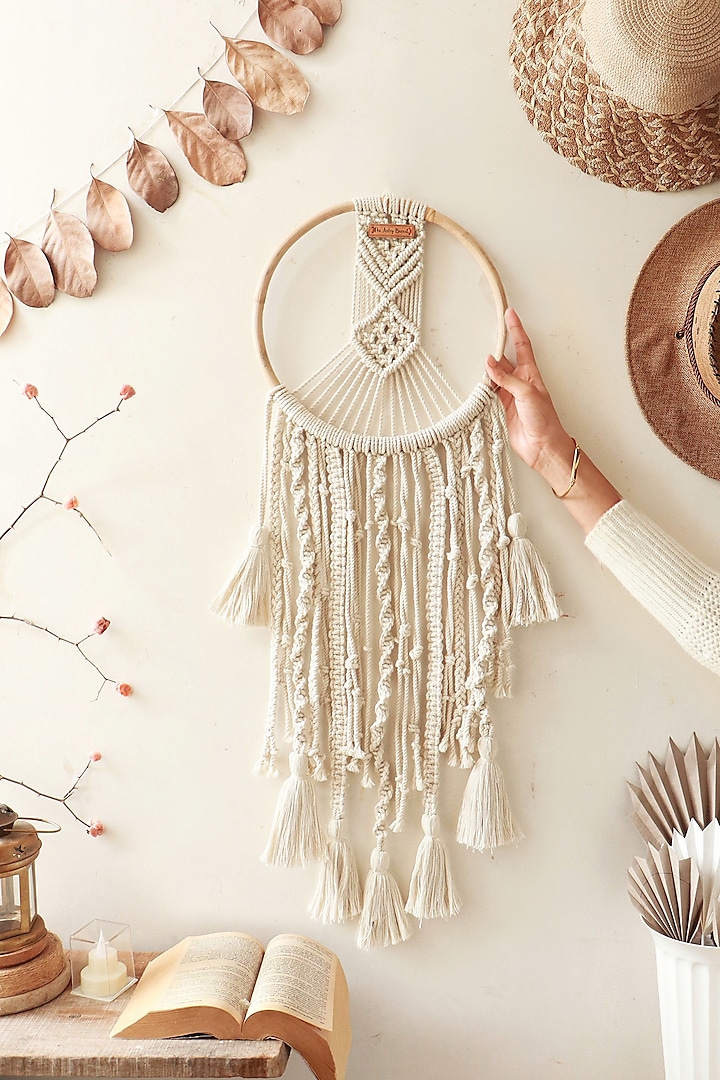 Off-White Cotton Thread Dream Catcher by Karighar - House of Indian Craftsmanship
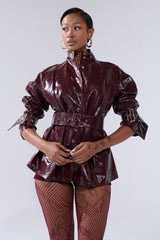 ON FIRE FAUX LEATHER BUTTON DOWN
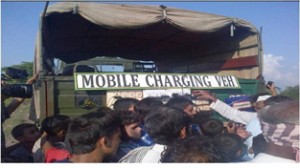 People recharging their mobiles.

Aim of the exercise:
Could the data above be copied out exactly, with no pictures kept?

Exercise response:
 Off-White Cotton Thread Dream Catcher by Karighar - House of Indian Craftsmanship
 ON FIRE FAUX LEATHER BUTTON DOWN
 People recharging their mobiles.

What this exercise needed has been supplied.